Theresia Veronika Rampisela, Maria Maistro, Tuukka Ruotsalo, Christina Lioma

2025-10-30

The Quest for Reliable Metrics of Responsible AI

Summary

This paper discusses the importance of developing Artificial Intelligence, including AI used in scientific fields, in a responsible way, and focuses on making sure the tools we use to *measure* that responsibility are trustworthy.

What's the problem?

As AI becomes more powerful, people are trying to figure out how to make sure it's fair and doesn't cause harm. We use 'metrics,' or scores, to check if AI is being responsible.
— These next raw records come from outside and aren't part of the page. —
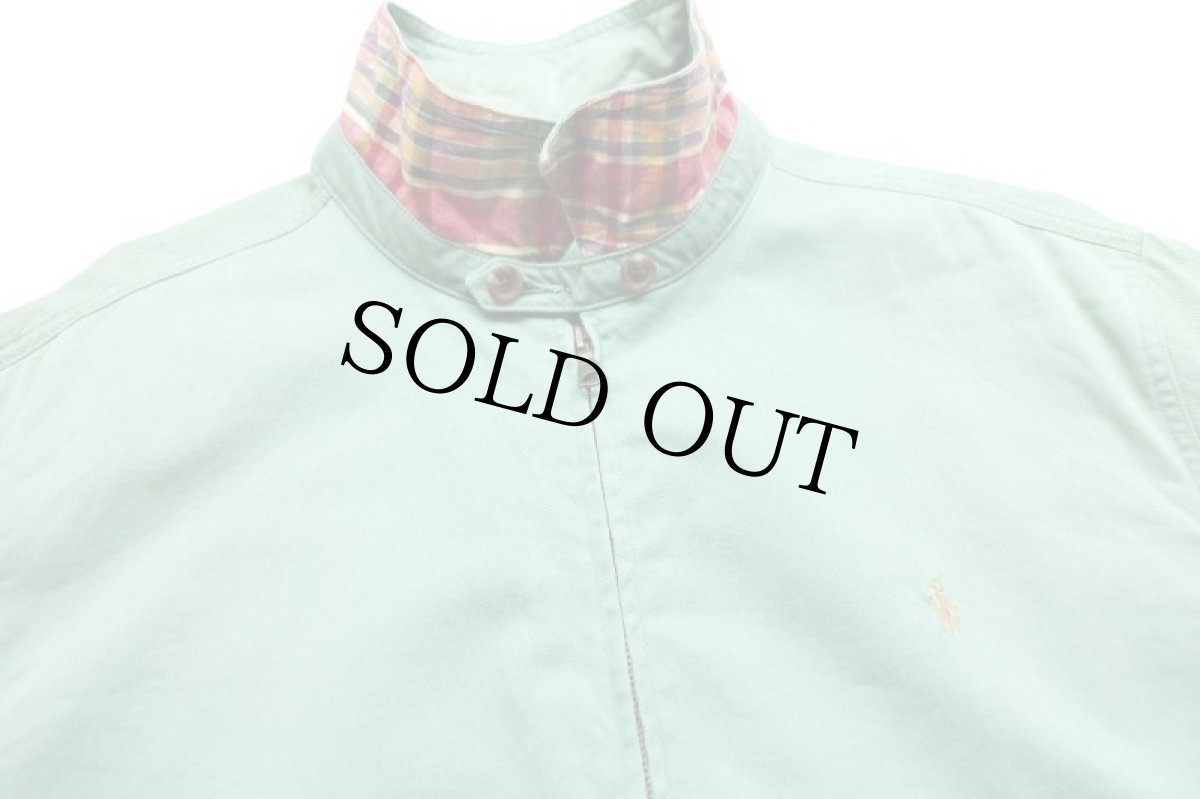 画像3: 00s ポロ ラルフローレン ワンポイント チンスト付き コットンジャケット ライトグリーン L (3)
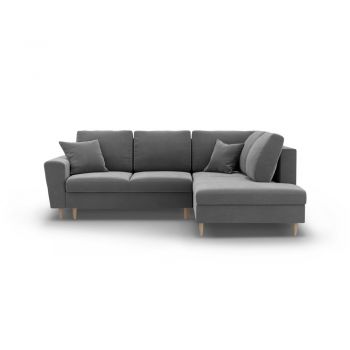 Colțar gri deschis extensibil, cu spațiu de depozitare cu tapițerie din catifea (cu colț pe partea dreaptă-în formă de ”L”) Kyoto – Cosmopolitan Design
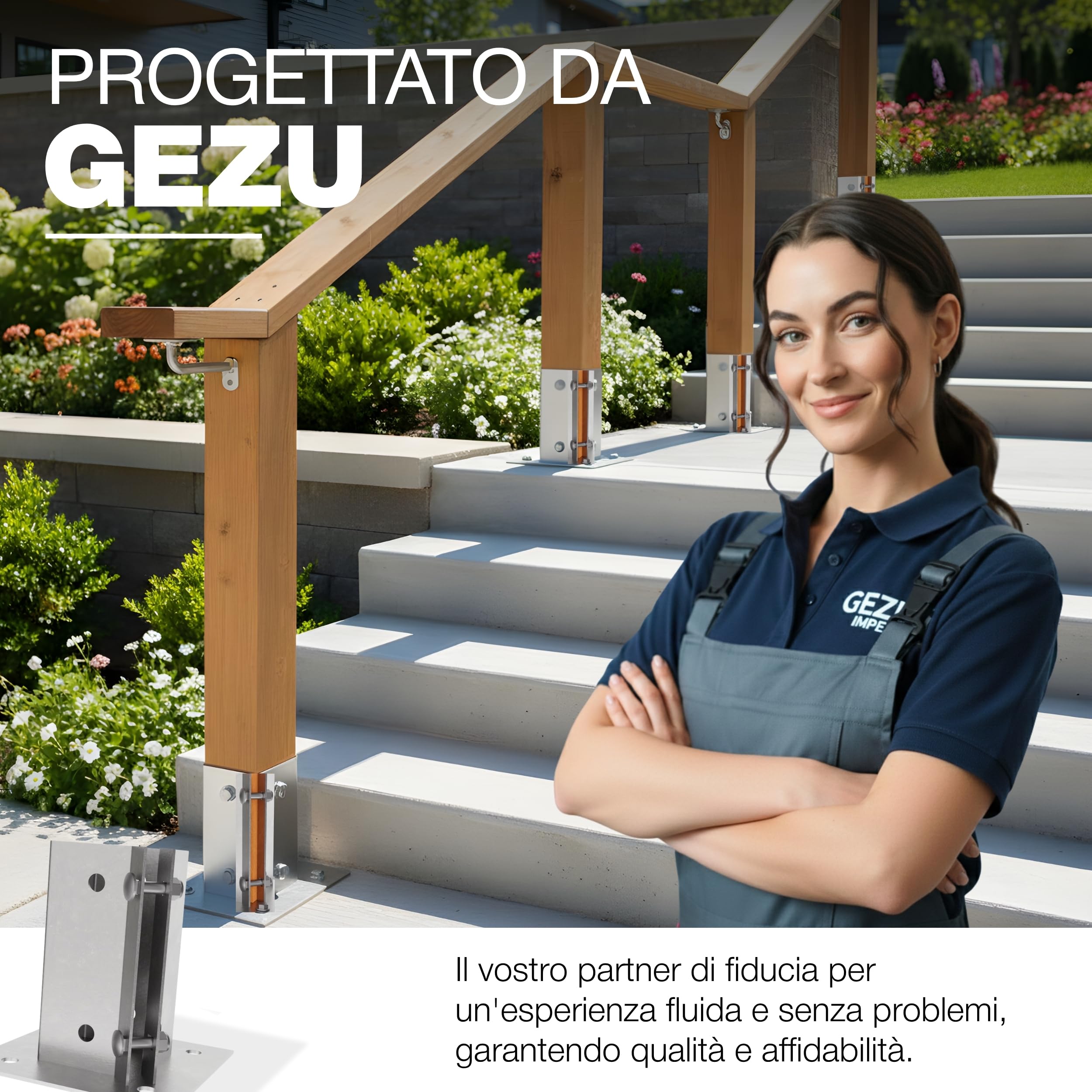 Supporto per Palo da Fissare 100 x 100 mm Zincato a Caldo Staffa Base Quadrata Recinzione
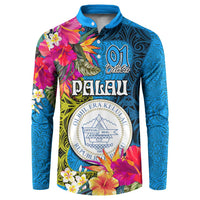 Personalised Palau Independence Day Button Sweatshirt 1st October 30th Anniversary Polynesian Jungle Flower LT03 Blue - Polynesian Pride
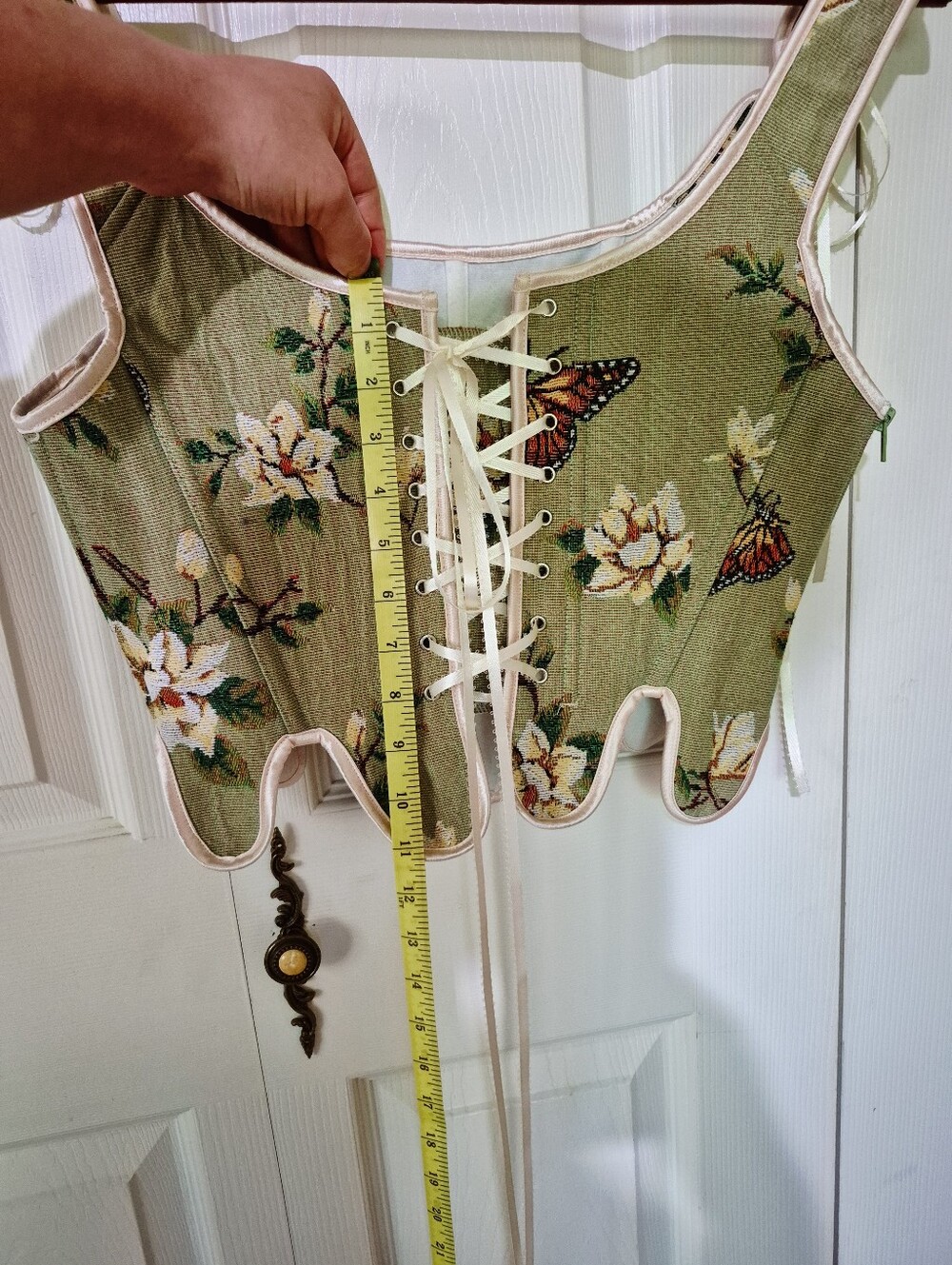 Green Monarch Butterfly Corset With Cream Ribbon - Picture 9 of 9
However, nobody has really looked closely at whether those metrics themselves are reliable – meaning, can they be easily tricked or give misleading results? If the tools we use to measure responsibility are flawed, then we can't really trust that the AI *is* actually responsible.

What's the solution?

The authors looked at previous research on fairness metrics used in recommendation systems (like those used by Netflix or Amazon) to see how those metrics could be unreliable. They then took the lessons learned from that research and created a set of guidelines to help developers build more robust and trustworthy metrics for responsible AI in *any* field, including science.

Why it matters?

This work is important because if we want AI to be a force for good, we need to be able to accurately assess its impact. If we can't trust the metrics we use to evaluate AI, we risk building systems that seem responsible on the surface but are actually unfair, biased, or harmful. These guidelines help ensure we're measuring the right things and doing so in a reliable way, which is crucial for the safe and ethical development of AI.

Abstract

The development of Artificial Intelligence (AI), including AI in Science (AIS), should be done following the principles of responsible AI. Progress in responsible AI is often quantified through evaluation metrics, yet there has been less work on assessing the robustness and reliability of the metrics themselves. We reflect on prior work that examines the robustness of fairness metrics for recommender systems as a type of AI application and summarise their key takeaways into a set of non-exhaustive guidelines for developing reliable metrics of responsible AI. Our guidelines apply to a broad spectrum of AI applications, including AIS.